Collected data entries:

*** Block opens ***

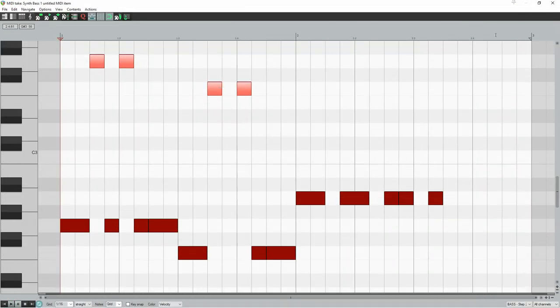Next, move some of your notes an octave higher. This hugely increases the energy, because it hugely increases the melodic range.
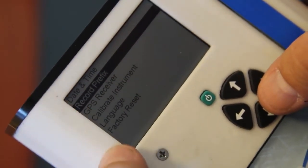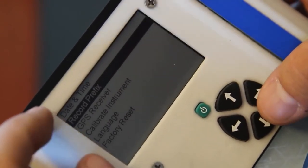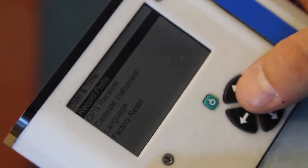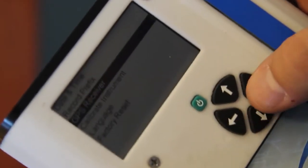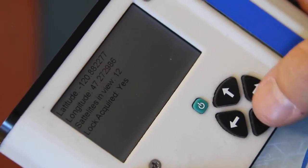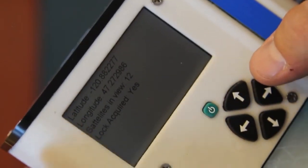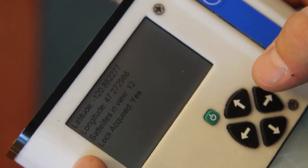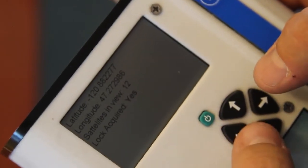Inside this setup instrument menu, we're given a number of other options. You can set the date and time, view the status of the GPS receiver, the longitude, latitude, satellites in view, and whether there's a lock acquired.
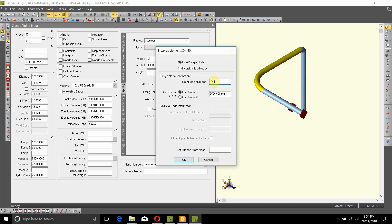You can change the number and enter any value that you want. By default, CAESAR 2 gives a halfway distance of 35 between 30 and 40. What CAESAR 2 does is it calculates the length of element 30 to 40, calculates half the distance, and enters it in here. If you say okay, CAESAR 2 will place a node in the center of this element.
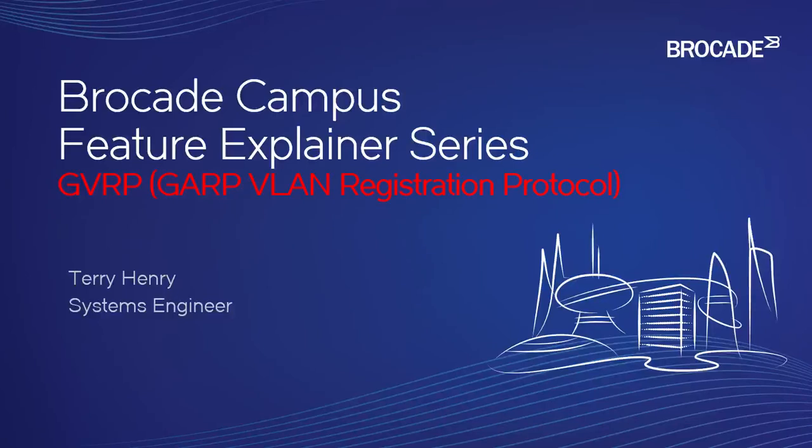Hey, this is the Brocade Campus Feature Explainer Series. I'm Terry Henry. This time around, we're going to talk about GVRP, which a lot of people call generic VLAN registration protocol, although it's actually generic attribute registration protocol.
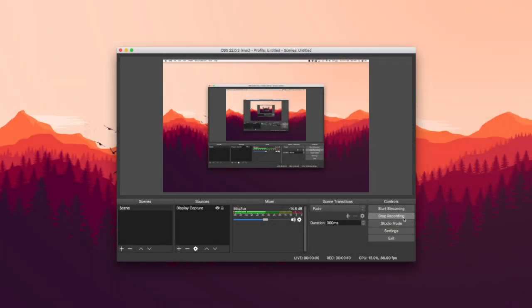Hello everybody! Recently, I attempted to stream on a very popular streaming platform called Twitch. However, in doing so, I realized that my game and desktop audio were both not working. So, after a long while of trying to solve this problem, I finally figured out how to. In today's video, I will be showing you how to stream with desktop audio using OBS on a Mac.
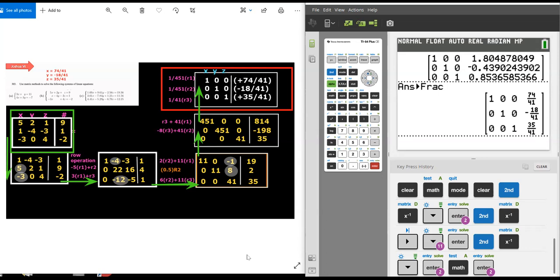I hope this video has been useful to you in learning more about matrix algebra and how to use reduced row operations and reduced row echelon form commands with the TI-84 plus CE calculator. Thank you for watching my video and good luck.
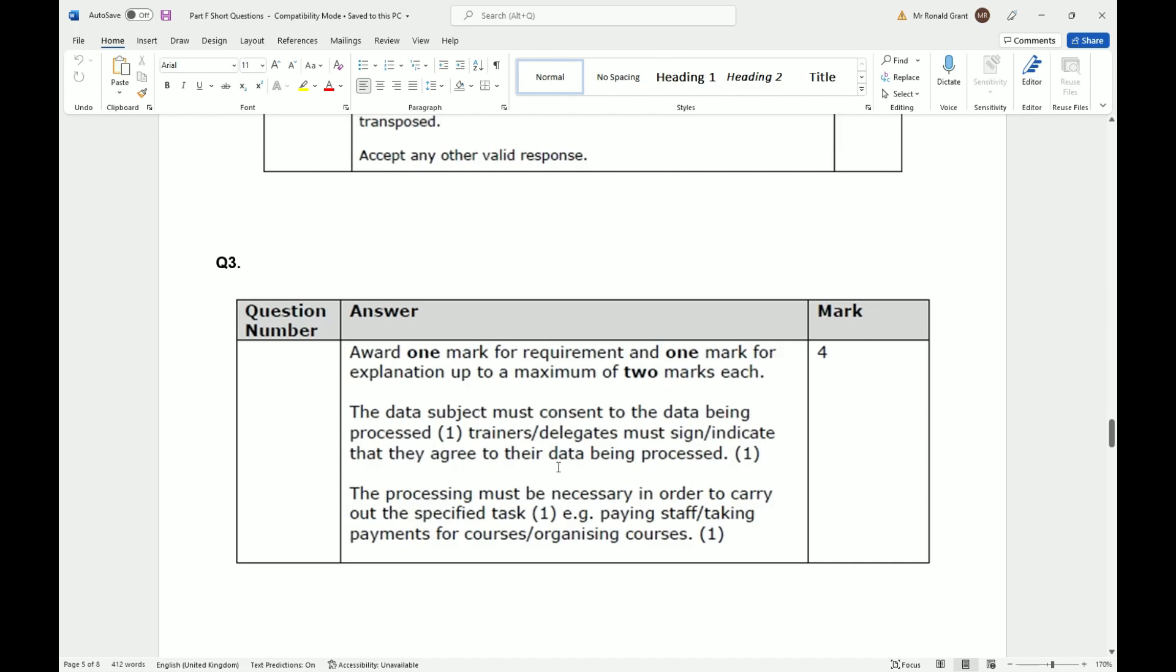The processing must be necessary in order to carry out the specified tasks, for example, paying staff, taking payments for courses, or organizing courses. So whatever it is that you need the company to do, if they don't need your data to do that thing, you can say no and they should be able to still operate perfectly fine.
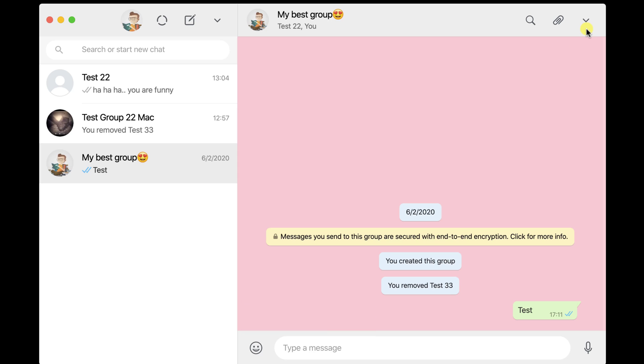You can send images the same way even on groups and people. Click on the top icon.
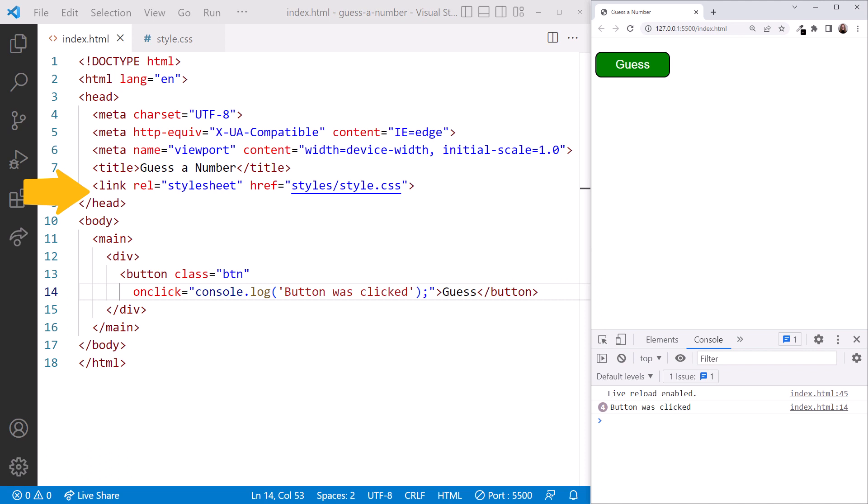As we discussed earlier, the browser reads the content of our HTML document from top to bottom, running any code in the script tags. If we have our code near the top of the file, the code will run before the elements are displayed.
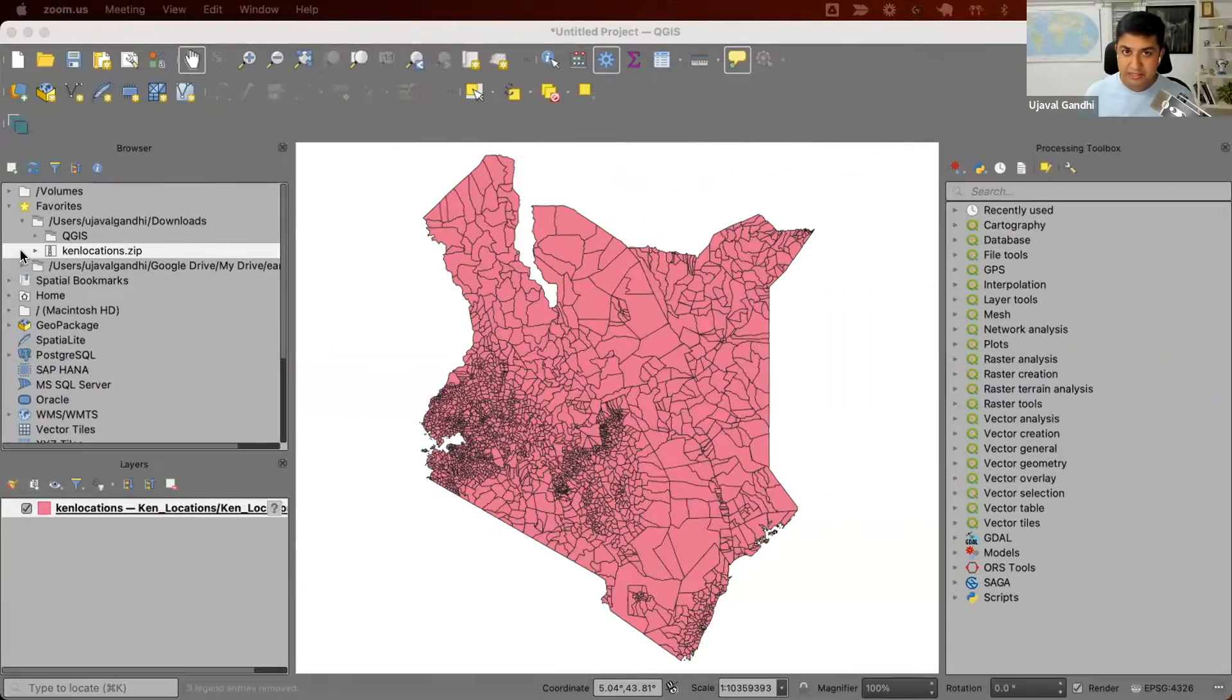We'll take some really messy admin boundary data and clean it up so that it's free from errors like sliver polygons, overlaps, line intersections, self intersections, and so on. So with that, let's get started. Here I'm in QGIS.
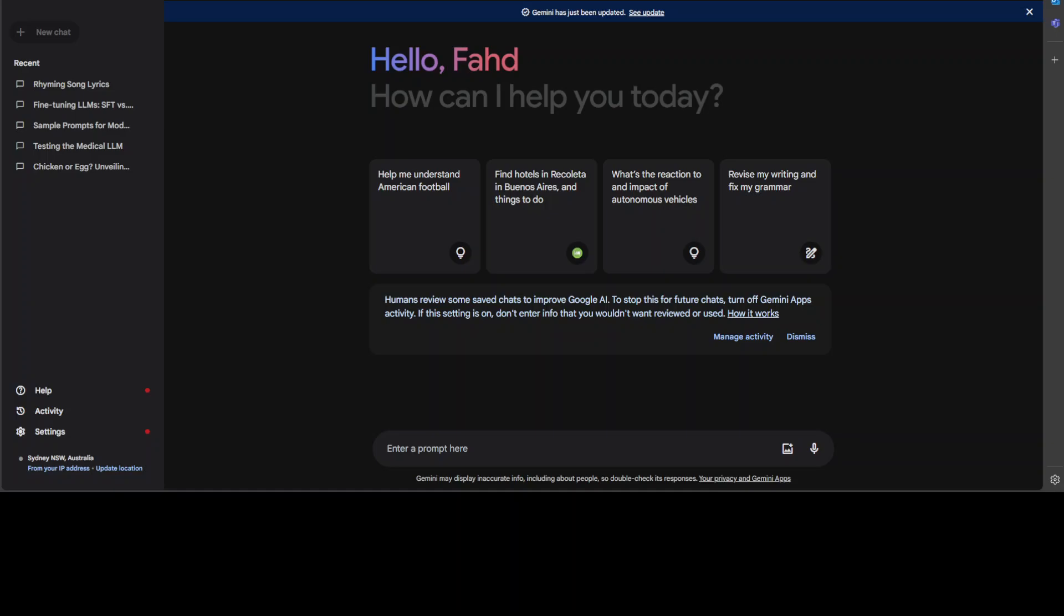To get the most out of the larger context window, they are also going to add the ability to upload files via Google Drive or directly from your device, which has already been available in Gemini Advanced, by the way, which is a paid version.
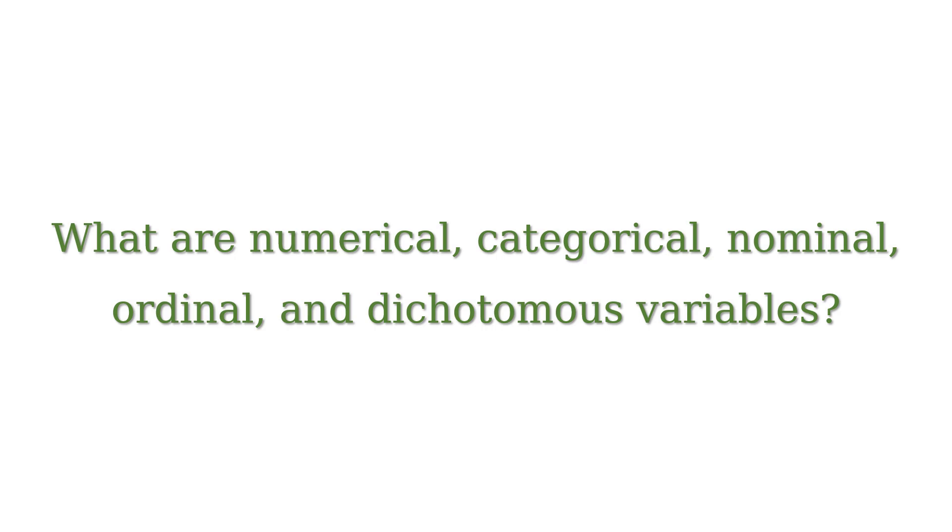What are numerical, categorical, nominal, ordinal and dichotomous variables? In this video, we will try to understand that.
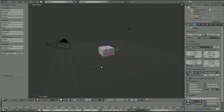Here we are again working in Blender 2.55. We're going to look at just putting an image in the background of your view. This is something so you can model over something or align something with a video that you may use the compositor or sequencer or another video editor to add effects over later on. I'll remind you at the end: this is not going to show up when you go to render — this is for while you're working.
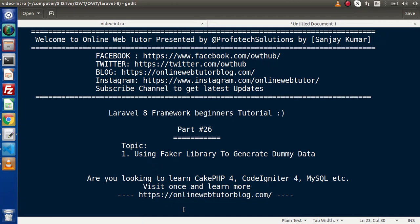Hello guys, welcome to Online Web Tutor. I am Sanjay. We are learning the Laravel 8 framework tutorial — this is part 26. Inside this video we have to use the Faker library to generate dummy data. This is a continuation of the last video, where we used dummy data as a static value, but this time we will generate dummy values using the Faker library.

*** Block closes ***

Exercise description: Take the lines above starting at the one containing "Inside this setup" and ending at the one containing "Hey, this is", and print them again exactly, without pictures.

Exercise solution:
Inside this setup instrument menu, we're given a number of other options. You can set the date and time, view the status of the GPS receiver, the longitude, latitude, satellites in view, and whether there's a lock acquired.
You can change the number and enter any value that you want. By default, CAESAR 2 gives a halfway distance of 35 between 30 and 40. What CAESAR 2 does is it calculates the length of element 30 to 40, calculates half the distance, and enters it in here. If you say okay, CAESAR 2 will place a node in the center of this element.
Hey, this is the Brocade Campus Feature Explainer Series. I'm Terry Henry. This time around, we're going to talk about GVRP, which a lot of people call generic VLAN registration protocol, although it's actually generic attribute registration protocol.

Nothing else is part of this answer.